Static tensor

Sometimes when working with vectors or matrices or tensors of any rank, you know their sizes and types of their elements at compile time, and you don't need to change them at runtime.

This library provides a uniform interface for working with tensors of any rank. It uses type-level programing to catch errors at compile time instead of runtime. It also (ab)uses GHC optimizations to unroll loops to achieve greater performance.

Tensor data family

The library is built around a data family of tensors

-- | Data family of unboxed tensors. Dimensions of a tensor are represented as type-level list of 
--   naturals. For instance, @Tensor [3] Float@ is a vector of 3 'Float' elements; @Tensor [4,3] Double@ 
--   is a matrix with 4 rows 3 columns of 'Double' and so on.
class IsTensor (dims :: [Nat]) e where
    {-# MINIMAL tensor, unsafeFromList, toList #-}

    -- | Tensor data constructor for given size and element type.
    data Tensor dims e :: Type

    -- | Alias for a concrete tensor data constructor.
    -- 
    -- >>> tensor @[2,2] @Int 0 1 2 3
    -- Tensor'2'2 [[0,1],[2,3]]
    tensor :: TensorConstructor dims e

    -- | Build tensor from the list. The list must contain at least 'length' elements or method will throw an exception.
    unsafeFromList :: [e] -> Tensor dims e

    -- | Convert tensor to list.
    toList :: Tensor dims e -> [] e

In order to start to work with the library, you need to create instances of this data family with desired sizes and element's types.
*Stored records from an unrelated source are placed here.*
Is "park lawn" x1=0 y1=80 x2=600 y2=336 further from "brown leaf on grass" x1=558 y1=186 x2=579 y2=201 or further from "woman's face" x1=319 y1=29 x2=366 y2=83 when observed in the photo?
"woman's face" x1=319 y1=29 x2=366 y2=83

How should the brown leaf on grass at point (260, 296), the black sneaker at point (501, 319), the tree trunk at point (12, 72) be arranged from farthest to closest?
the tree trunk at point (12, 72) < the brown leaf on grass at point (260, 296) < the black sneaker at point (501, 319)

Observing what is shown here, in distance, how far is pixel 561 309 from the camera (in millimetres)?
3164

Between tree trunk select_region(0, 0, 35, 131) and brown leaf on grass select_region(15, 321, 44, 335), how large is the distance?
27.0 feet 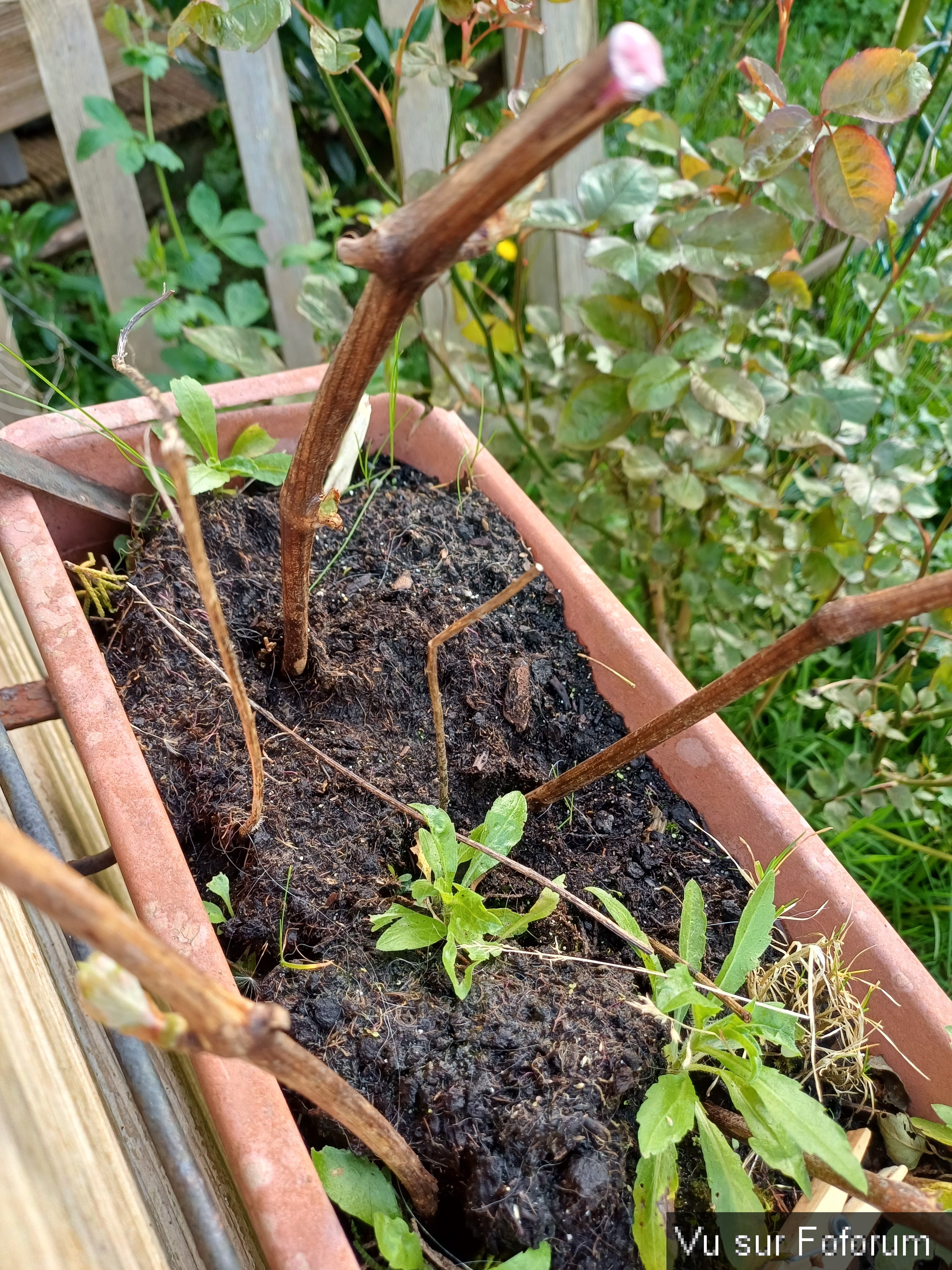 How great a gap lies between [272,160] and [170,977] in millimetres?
1748

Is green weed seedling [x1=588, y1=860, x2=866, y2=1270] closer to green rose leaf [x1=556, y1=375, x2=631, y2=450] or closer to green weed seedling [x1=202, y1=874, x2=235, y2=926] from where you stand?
green weed seedling [x1=202, y1=874, x2=235, y2=926]

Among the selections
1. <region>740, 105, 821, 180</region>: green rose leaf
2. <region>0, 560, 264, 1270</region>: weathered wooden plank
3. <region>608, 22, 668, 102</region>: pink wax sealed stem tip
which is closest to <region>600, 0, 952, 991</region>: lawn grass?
<region>740, 105, 821, 180</region>: green rose leaf

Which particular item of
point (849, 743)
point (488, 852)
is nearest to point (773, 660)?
point (488, 852)

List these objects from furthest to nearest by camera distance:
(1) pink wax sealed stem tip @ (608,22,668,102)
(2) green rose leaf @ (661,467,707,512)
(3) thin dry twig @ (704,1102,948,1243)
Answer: (2) green rose leaf @ (661,467,707,512) → (3) thin dry twig @ (704,1102,948,1243) → (1) pink wax sealed stem tip @ (608,22,668,102)

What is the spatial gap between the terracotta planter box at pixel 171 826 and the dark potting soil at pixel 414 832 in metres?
0.04

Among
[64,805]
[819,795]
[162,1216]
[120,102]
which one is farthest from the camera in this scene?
[120,102]

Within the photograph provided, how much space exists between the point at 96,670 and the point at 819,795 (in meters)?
1.00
For this, you can use Template Haskell functions

Data.Tensor.Static.TH.genTensorInstance :: NonEmpty Int       -- ^ Dimensions of the tensor.
                                        -> Name               -- ^ Type of elements.
                                        -> Q [Dec]

Data.Vector.Static.genVectorInstance    :: Int                -- ^ Size of the vector.
                                        -> Name               -- ^ Type of elements.
                                        -> Q [Dec]

Data.Matrix.Static.genMatrixInstance    :: Int                -- ^ Number of rows.
                                        -> Int                -- ^ Number of columns.
                                        -> Name               -- ^ Type of elements.
                                        -> Q [Dec]

This code, for example

$(genVectorInstance 4 ''Float)
$(genMatrixInstance 4 4 ''Float)
$(genTensorInstance [2, 3, 4] ''Float)

will generate:

data instance for vector of 4 elements of type Float
data instance for matrix of 4 rows and 4 columns of type Float
data instance for tensor with dimensions 2x3x4 of type Float

Now you can create a value of a tensor with functions vector, matrix, tensor which are just aliases for concrete generated data constructors.

{-# LANGUAGE TypeApplications #-}

v :: Vector 4 Float
v = vector @4 @Float 0 1 2 3

m :: Matrix 4 4 Float
m = matrix @4 @4 @Float 0 1 2 3 4 5 6 7 8 9 10 11 12 13 14 15

t :: Tensor '[2, 3, 4] Float
t = tensor @'[2, 3, 4] @Float 0 1 2 3 4 5 6 7 8 9 10 11 12 13 14 15 16 17 18 19 20 21 22 23

You can add tensors of the same size:

v2 = v `add` v
m2 = m `add` m

You can multiply matrix of size m*n by matrix of size n*o to get matrix of size m*o:

$(genMatrixInstance 3 3 ''Float)
$(genMatrixInstance 3 4 ''Float)
$(genMatrixInstance 4 3 ''Float)

m1 :: Matrix 3 4 Float
m1 = matrix @3 @4 @Float 0 1 2 3 4 5 6 7 8 9 10 11

m2 :: Matrix 4 3 Float
m2 = matrix @4 @3 @Float 0 1 2 3 4 5 6 7 8 9 10 11

mm :: Matrix 3 3 Float
mm = m1 `mult` m2

You can multiply matrix of size m*n by vector of size n:

mv :: Vector 4 Float
mv = m `mult` v

vm :: Vector 4 Float
vm = v `mult` m

In all those examples, if the dimensions of the tensors have been incompatible, you would have received a compilation error.

Loop unrolling

The library (ab)uses GHC optimizations to unroll loops to achieve greater performance.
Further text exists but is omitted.